Please, don’t let this feeling end. It’s everything I am. Everything I want to be. Anyone recognize those song lyrics? If so, you’re as old as I am. But when your art is flowing and you are in the zone and all is right with the world, this is often how it feels. That’s not to say it isn’t hard, but the challenge is somehow invigorating.

Recently, though, several of my artist friends have told me some of the luster has gone off their work. “How can I focus on my trivial dabblings when the world is falling apart?” they ask. “Isn’t it selfish or naïve to think my art really matters when so many people are suffering?”

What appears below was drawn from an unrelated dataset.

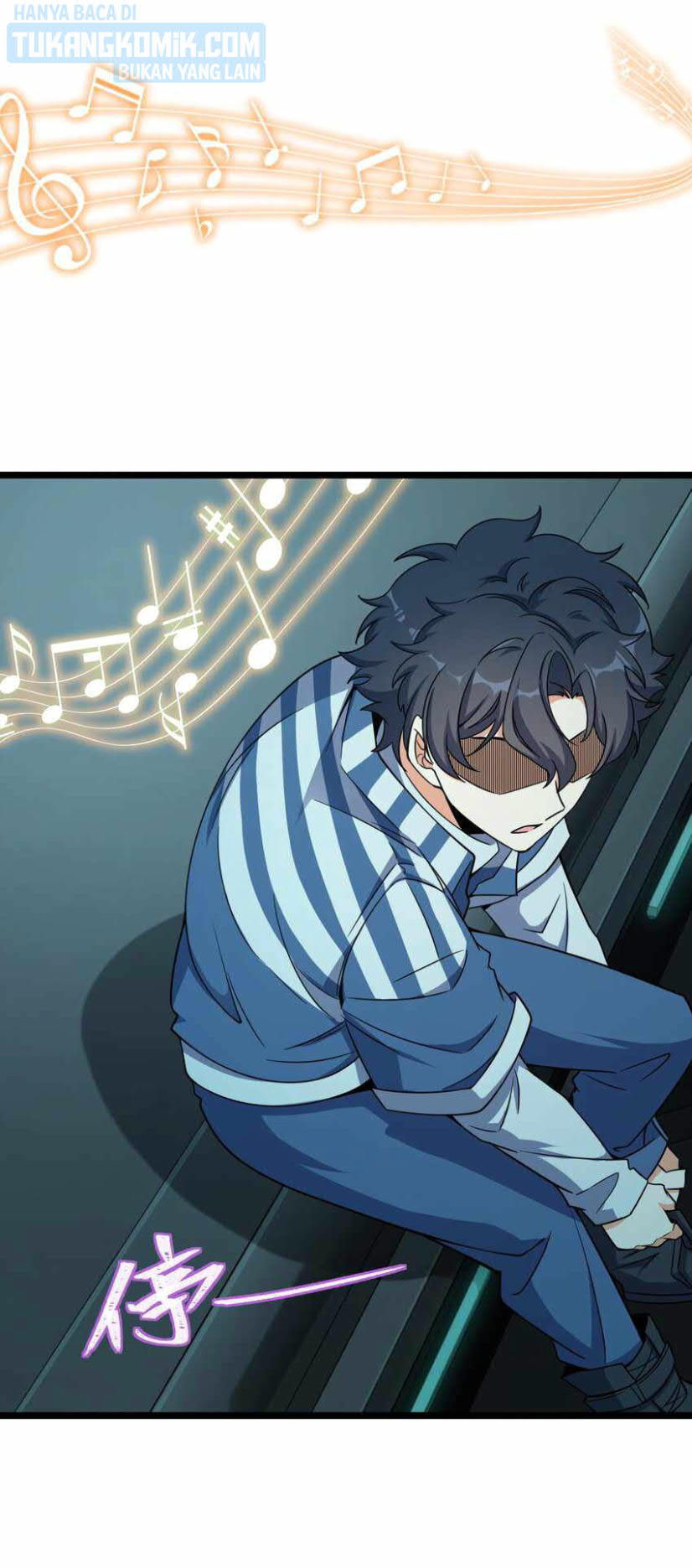 Retouching Of The Night Chapter 08 Gambar 2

I feel that way too sometimes. But no matter how bad things have gotten in our world, most of the people we know are still showing up for their jobs every day. Doctors and teachers and journalists aren’t asking whether their work is important, even in times of trouble. They know it is. But so do mail carriers, and garbage collectors, and restaurant workers. We are all needed, even when times get tough, and that goes for artists too.

Can you imagine if every artist dropped their “trivial” work to become full-time activists for the causes in which they believe? There would be no new songs or movies or plays or books to inspire and awaken us. And there would be no hope.

There’s nothing trivial about what we do. For the past 25 years, my entire body of work has centered on preserving history so we learn from it, honoring those who have been marginalized, speaking to the injustice of prejudice and the pain of bullying. My books have explored the themes of loyalty to country, the righteousness of war, the aftermath of suffering.

And they have celebrated the ordinary people working to make their nation and world better in whatever ways they can. My books are “just” fictional stories, and more than half of them are “merely” children’s books, but their messages are as relevant today as they were in the 1940s, when my books are set. And they will be relevant 75 years from now too. What has your art been telling us? What do you hope it will say moving forward?

Now is not the time to set aside our art, now is the time to recommit. I’m not at all saying artists, myself included, shouldn’t advocate for the causes they believe in and use their talents and voices to further those efforts. Those actions matter! I’m just saying, don’t minimize the importance of your art at the same time.